Could you return the data that follows exactly, minus the images?

[Data shown]
★ ★ ★ ★ ★ ★ ★

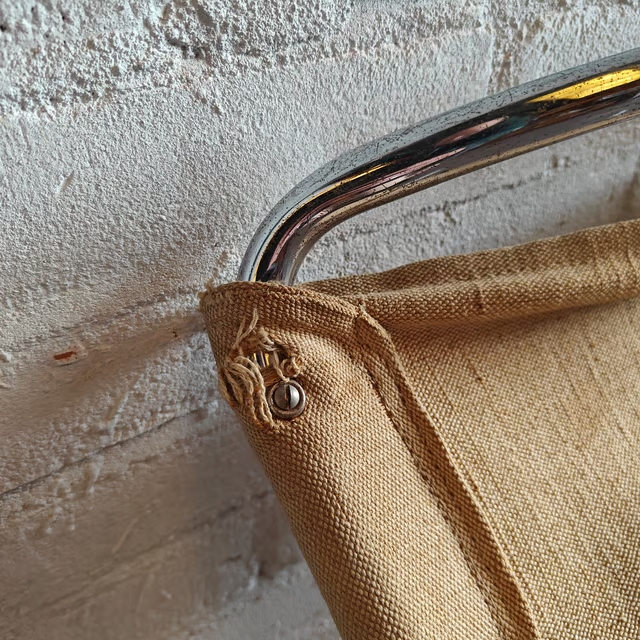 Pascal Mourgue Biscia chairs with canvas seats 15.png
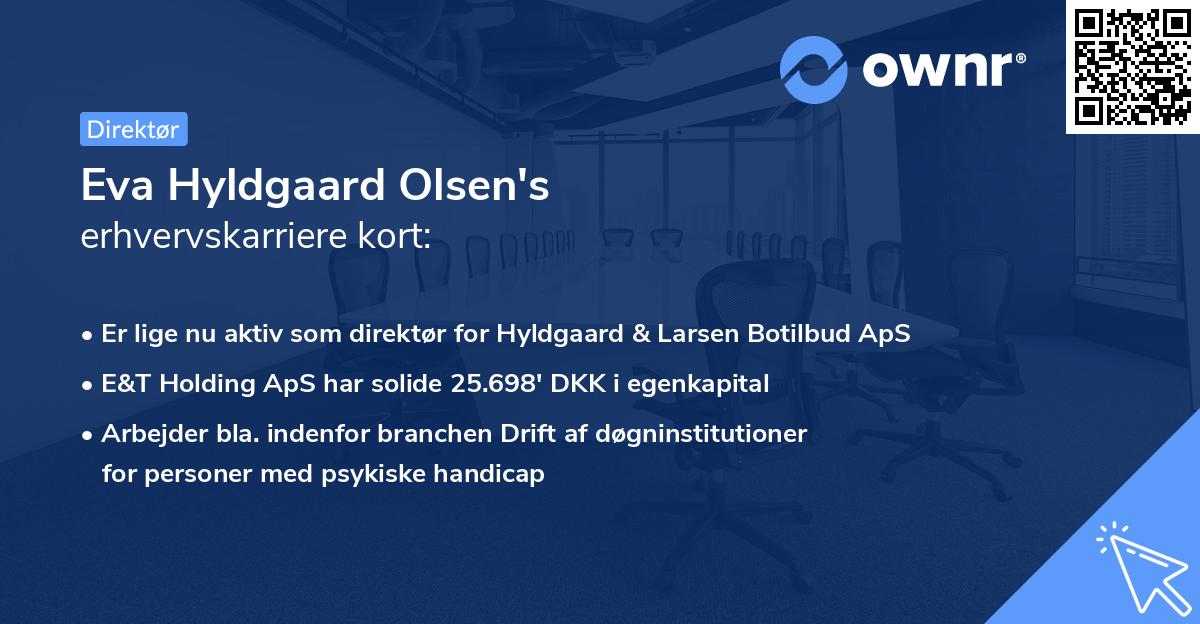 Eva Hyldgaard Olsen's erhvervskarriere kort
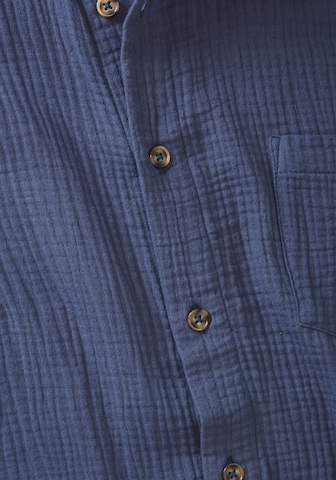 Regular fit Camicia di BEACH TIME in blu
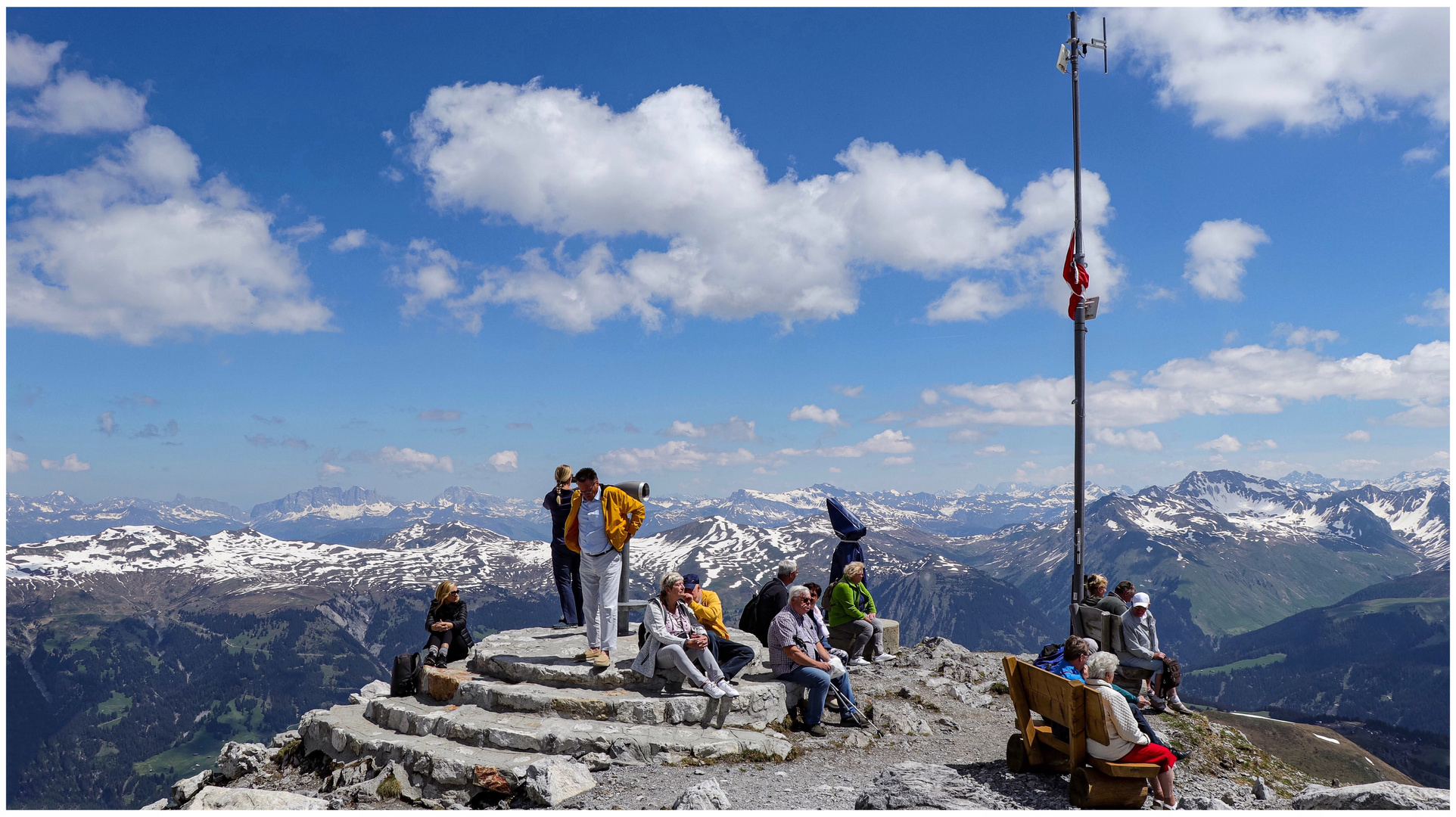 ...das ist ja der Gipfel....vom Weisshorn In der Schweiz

★ ★ ★ ★ ★ ★ ★

[Task solution]
 Pascal Mourgue Biscia chairs with canvas seats 15.png
 Eva Hyldgaard Olsen's erhvervskarriere kort
 Regular fit Camicia di BEACH TIME in blu
 ...das ist ja der Gipfel....vom Weisshorn In der Schweiz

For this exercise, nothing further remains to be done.